▶ _MATERIAL SUPPLIED_
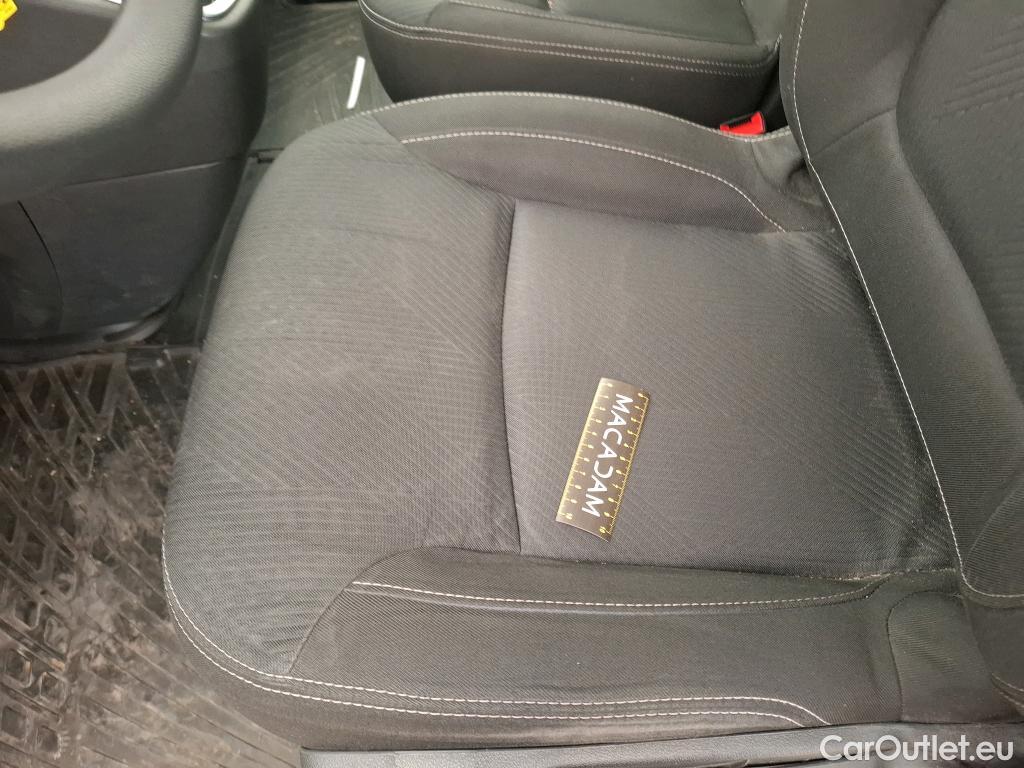  Renault  Trafic RENAULT  / 2019 / 4P / Fourgon tole FG GCF L1H1 1200 dCi 120 #23
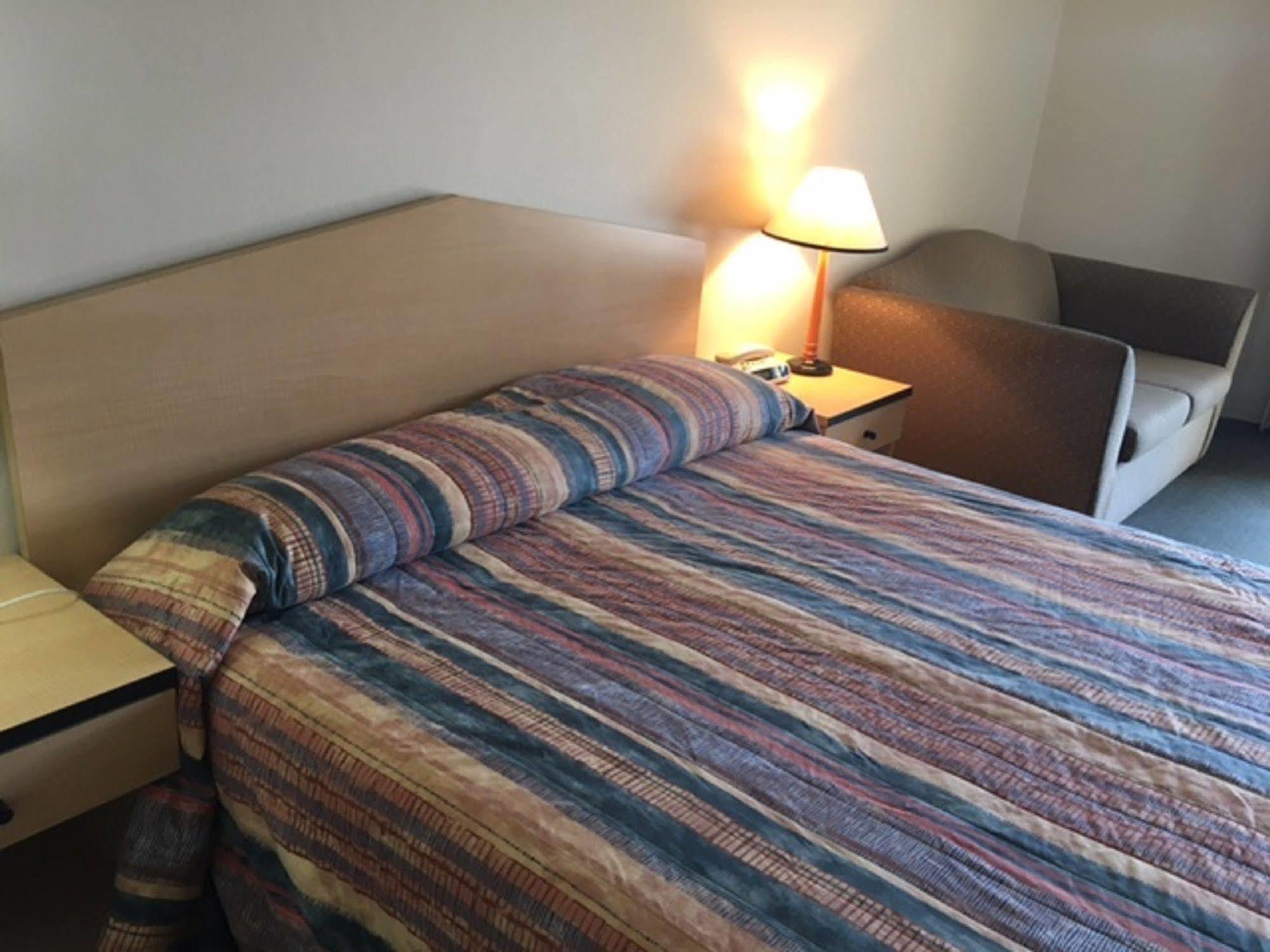 Motel Park View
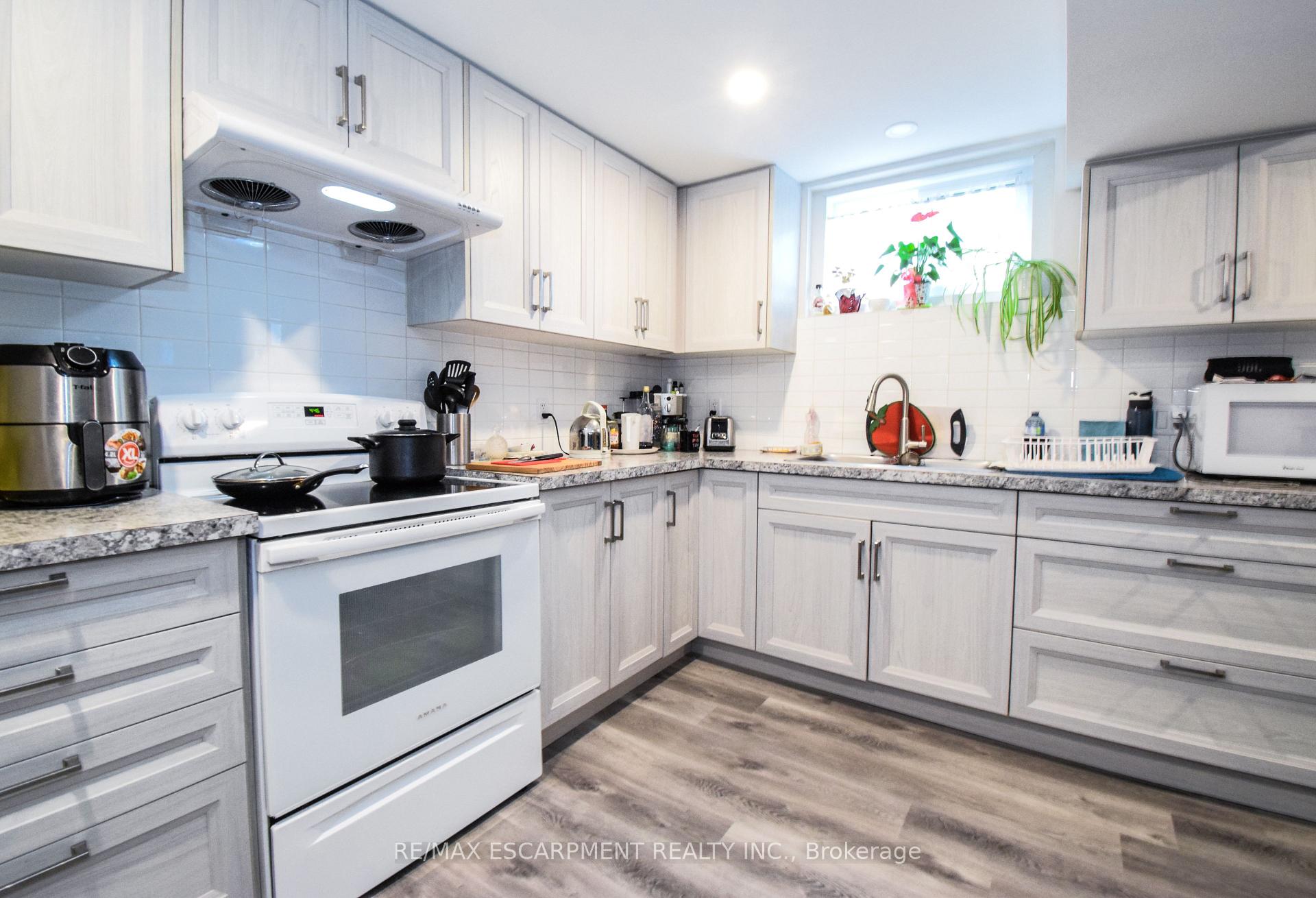 Photo 25 of 264 Hellems Avenue, Welland, Welland Downtown — HOMEH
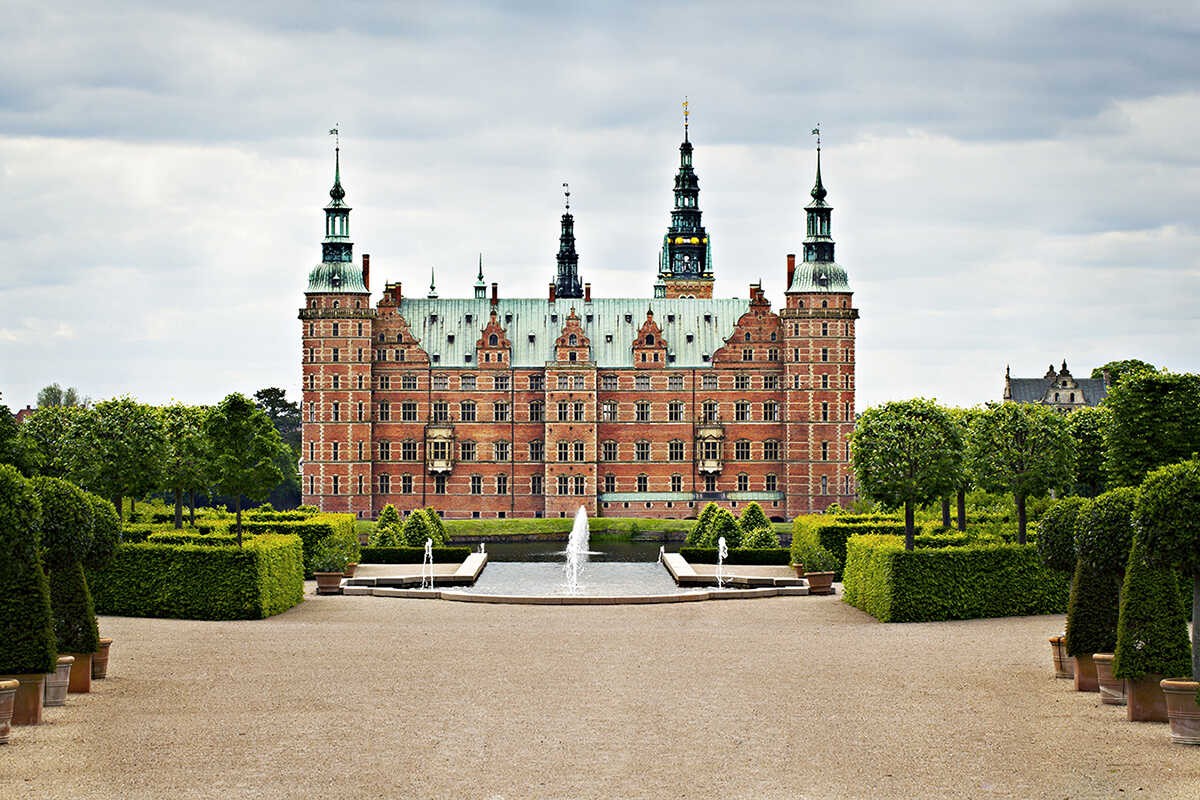 Top 8 Most Beautiful Castles In Denmark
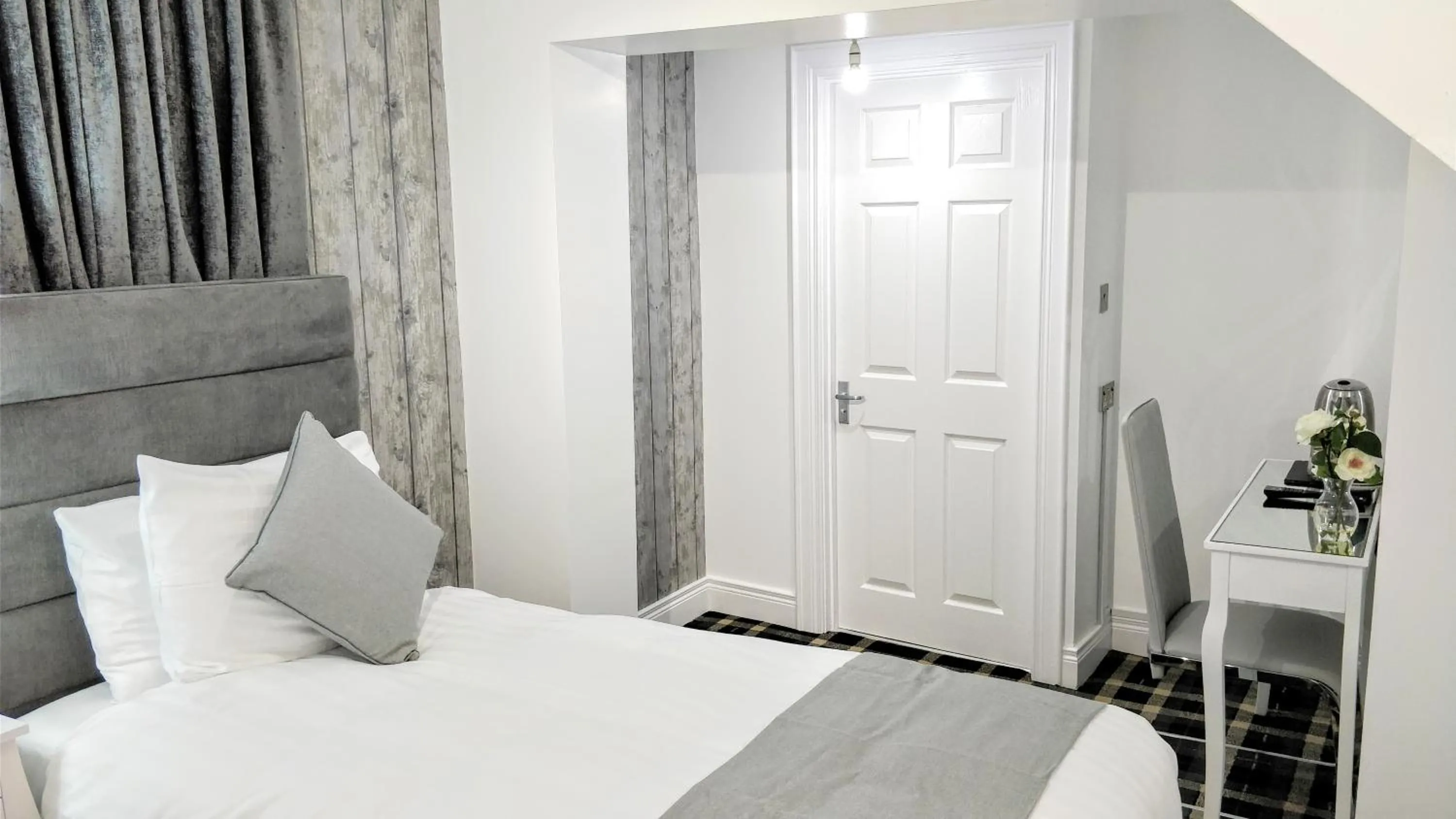 Bed in Number 4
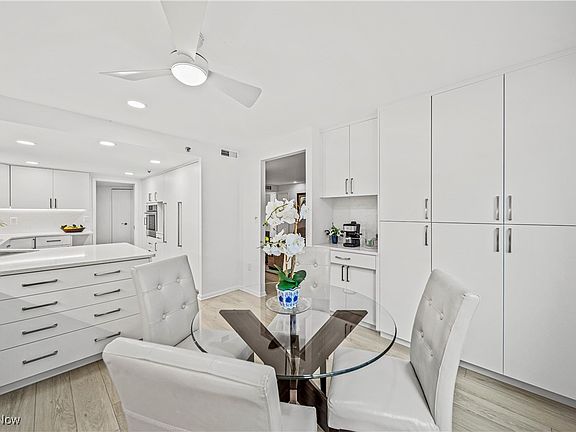 2nd image of 140 Fox Hollow Dr APT 202C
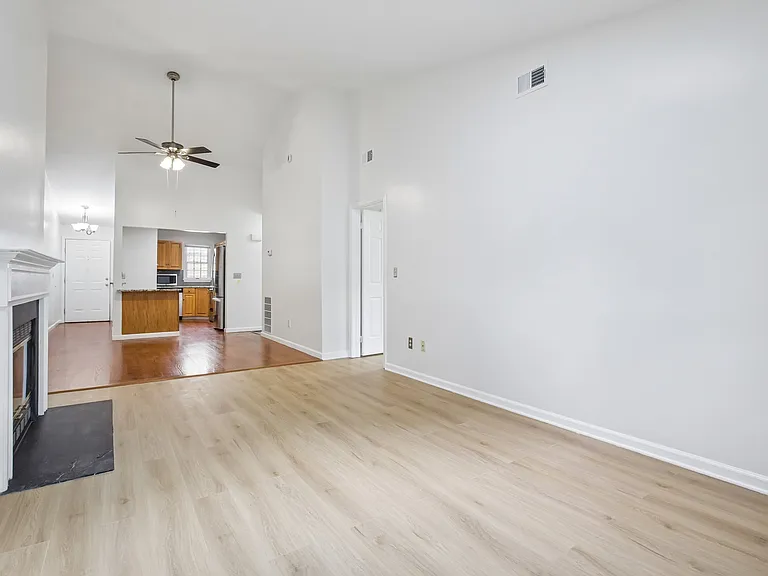 366 Potomac Dr — Photo 3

▶ _AIM OF THE EXERCISE_
What is needed is an exact copy of the lines from the one containing "Photo 25 of" through the last line of the records, with every picture left out.

▶ _RESULT BELOW_
 Photo 25 of 264 Hellems Avenue, Welland, Welland Downtown — HOMEH
 Top 8 Most Beautiful Castles In Denmark
 Bed in Number 4
 2nd image of 140 Fox Hollow Dr APT 202C
 366 Potomac Dr — Photo 3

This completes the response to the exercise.